>>>>

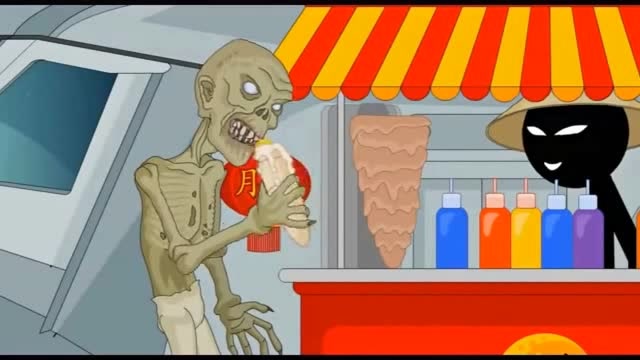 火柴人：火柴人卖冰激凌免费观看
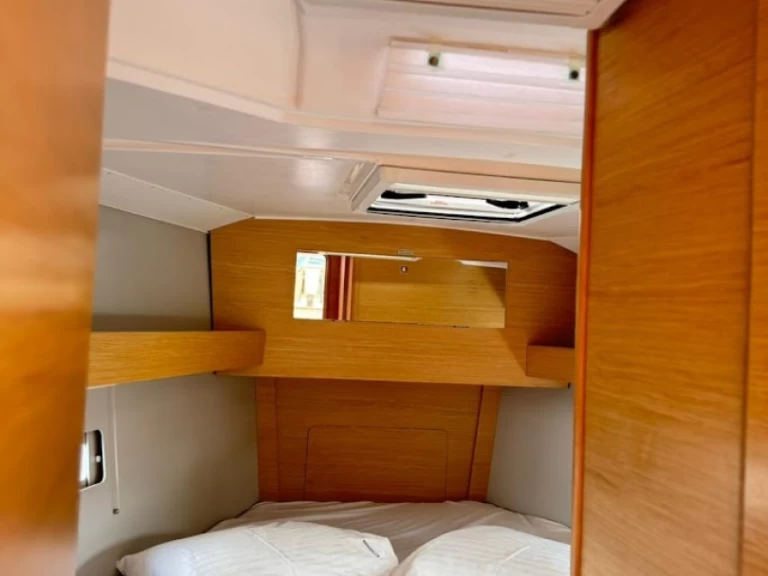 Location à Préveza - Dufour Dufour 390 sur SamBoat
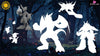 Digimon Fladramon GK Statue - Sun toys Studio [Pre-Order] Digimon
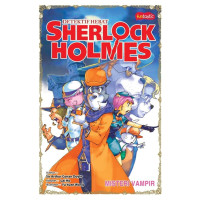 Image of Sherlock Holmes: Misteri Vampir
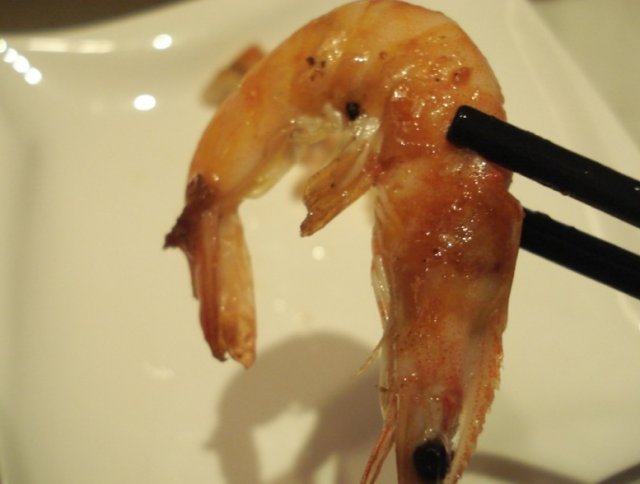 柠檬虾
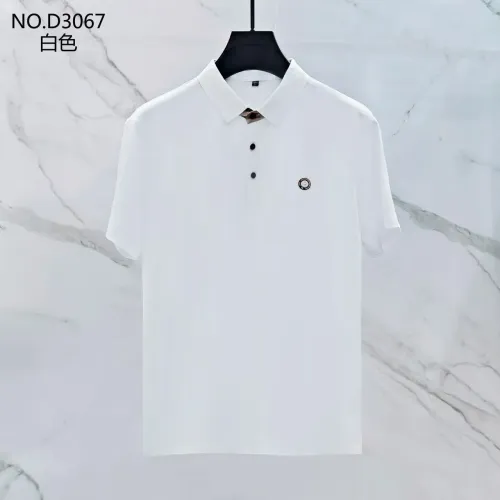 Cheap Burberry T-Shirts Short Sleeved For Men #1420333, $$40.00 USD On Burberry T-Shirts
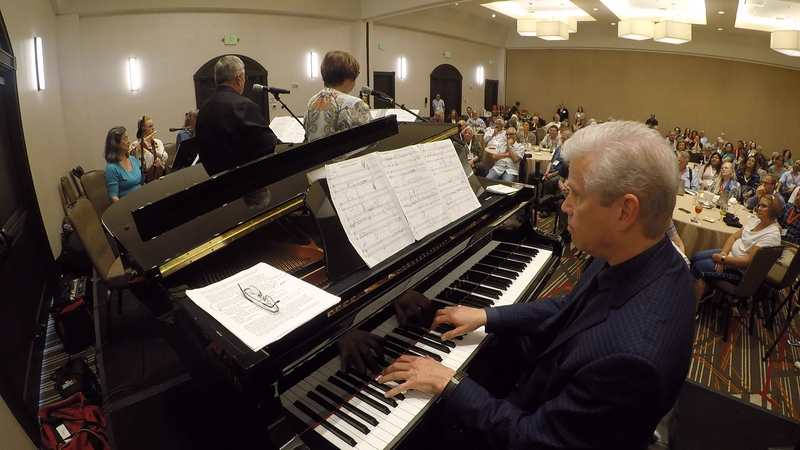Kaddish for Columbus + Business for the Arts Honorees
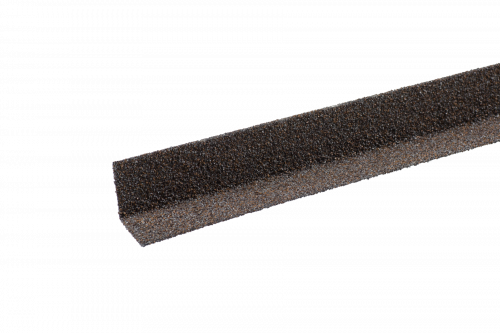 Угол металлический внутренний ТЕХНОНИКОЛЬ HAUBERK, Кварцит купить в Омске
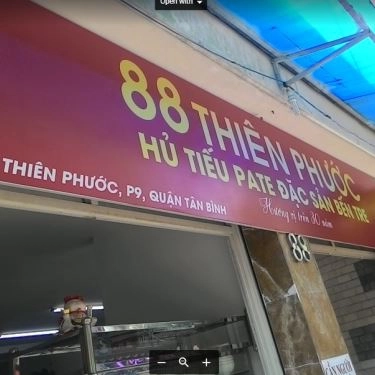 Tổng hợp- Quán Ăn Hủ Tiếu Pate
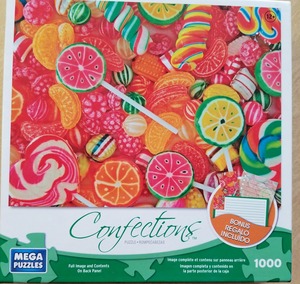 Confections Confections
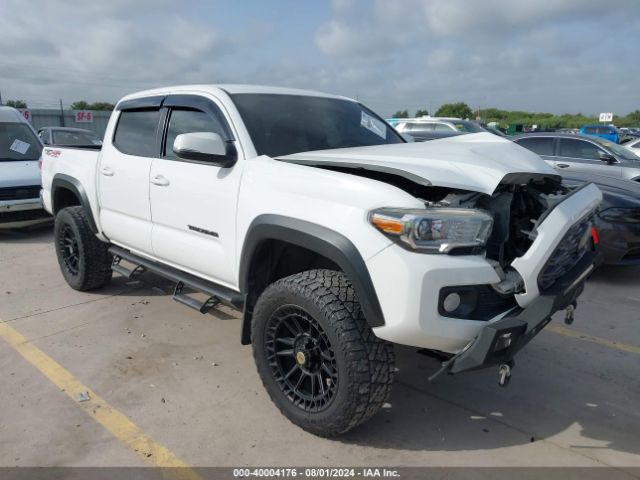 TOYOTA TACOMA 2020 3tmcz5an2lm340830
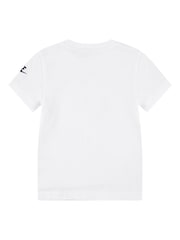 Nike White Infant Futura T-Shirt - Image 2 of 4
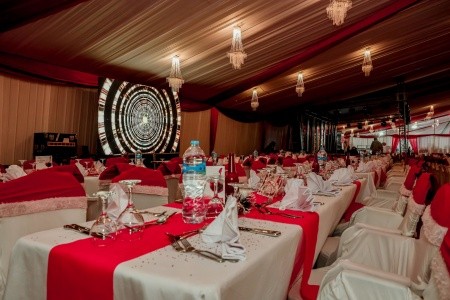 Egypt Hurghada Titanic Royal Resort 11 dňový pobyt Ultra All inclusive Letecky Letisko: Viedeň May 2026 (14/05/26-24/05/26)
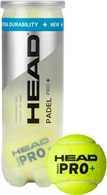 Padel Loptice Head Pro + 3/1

<<<<

[Required action]: Repeat the listing verbatim. Skip the pictures.

[Answer box]:
 火柴人：火柴人卖冰激凌免费观看
 Location à Préveza - Dufour Dufour 390 sur SamBoat
 Digimon Fladramon GK Statue - Sun toys Studio [Pre-Order] Digimon
 Image of Sherlock Holmes: Misteri Vampir
 柠檬虾
 Cheap Burberry T-Shirts Short Sleeved For Men #1420333, $$40.00 USD On Burberry T-Shirts
Kaddish for Columbus + Business for the Arts Honorees
 Угол металлический внутренний ТЕХНОНИКОЛЬ HAUBERK, Кварцит купить в Омске
 Tổng hợp- Quán Ăn Hủ Tiếu Pate
 Confections Confections
 TOYOTA TACOMA 2020 3tmcz5an2lm340830
 Nike White Infant Futura T-Shirt - Image 2 of 4
 Egypt Hurghada Titanic Royal Resort 11 dňový pobyt Ultra All inclusive Letecky Letisko: Viedeň May 2026 (14/05/26-24/05/26)
 Padel Loptice Head Pro + 3/1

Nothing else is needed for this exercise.